ずい、ずいは、童謡ですよね。
♬ ずい、ずい、ずっころばし、胡麻味噌、ずい、茶壺に追われて、とっぴんしゃん、抜けたら、どんどこしょ、俵のねずみが米食ってちゅう、ちゅう、ちゅう、ちゅう…………………。
これは童謡でもあり、また遊戯でもあったようです。まあ、一種の鬼ごっこにも似ていたらしい。少なくとも明治中期までは、ごくふつうに歌われていたんだそうですね。
ずいずい………は一説に、江戸期のお茶壺道中が下敷きになっているとか。江戸時代にはお茶壺道中があった。将軍様がお飲みになる特別のお茶を宇治から江戸城まで運んだ。それが、お茶壺道中。
仮に大名であっても、お茶壺道中に差し掛かると、籠を降りて、頭を下げた。まして町民がお茶壺道中の邪魔をするのは、狂気の沙汰。
このお茶壺道中の悲喜劇を描いたのが、『蓆』。
松本清張が、昭和三十一年に発表した短篇。
「一行の通行に当たる宿々では、腫れものにさわるように送迎しなければならなかった。」
「一行」が、お茶壺道中を指しているのは、いうまでもないでしょう。ひとつ間違えば切腹が待っているのですから。まあ、江戸時代には、そんなことも含まれていたのでしょうね。
ずい、ずい………が出てくる資料に、『東京風俗志』があります。平出鏗二郎が、明治三十五年に発表した歴史書。
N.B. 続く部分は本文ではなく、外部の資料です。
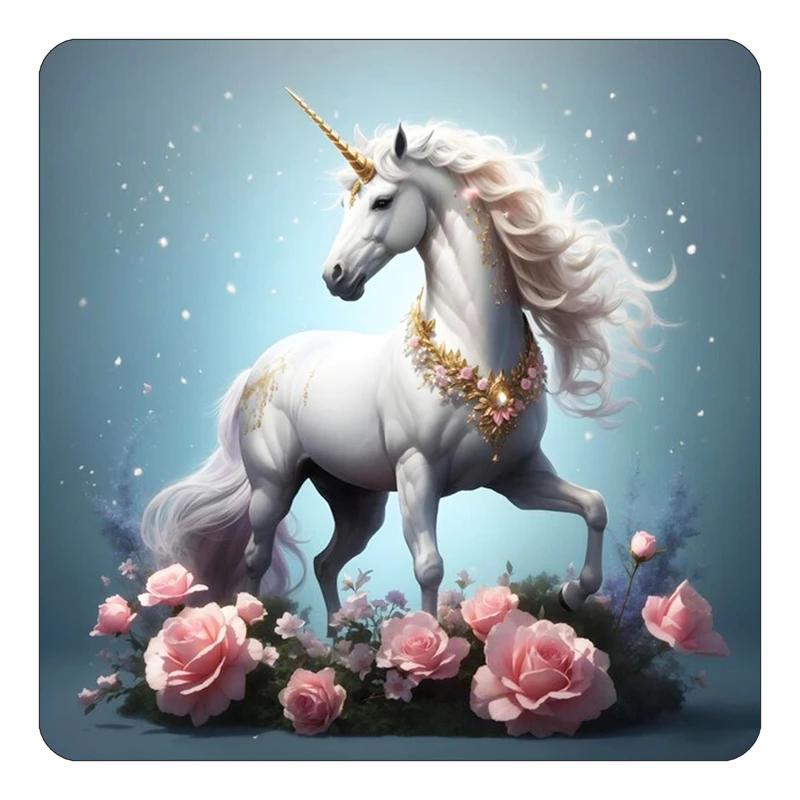 مگنت کاکتی طرح اسب تک شاخ و یونیکورن مدل mp31666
「あるいは「ずい、ずい、ずっころばし」とて、各々拳を出だし………………」。
と遊戯を細かく紹介しています。また、『東京風俗志』にはこんな説明も。
「外套は、冬は羅紗、綾メルトン、「スコッチ」、夏は絢緞、「アルッパカ」を用ふるなり。」
平出鏗二郎は、明治中期に、「アルッパカ」と書いています。おそらく「アルパカ」のことでしょう。
ここでの「スコッチ」は、いまのトゥイードのことです。スコッチ・トゥイードを短くして、「スコッチ」となったものです。
スコッチ・トゥイードの外套で、童謡を歌えるものでしょうか。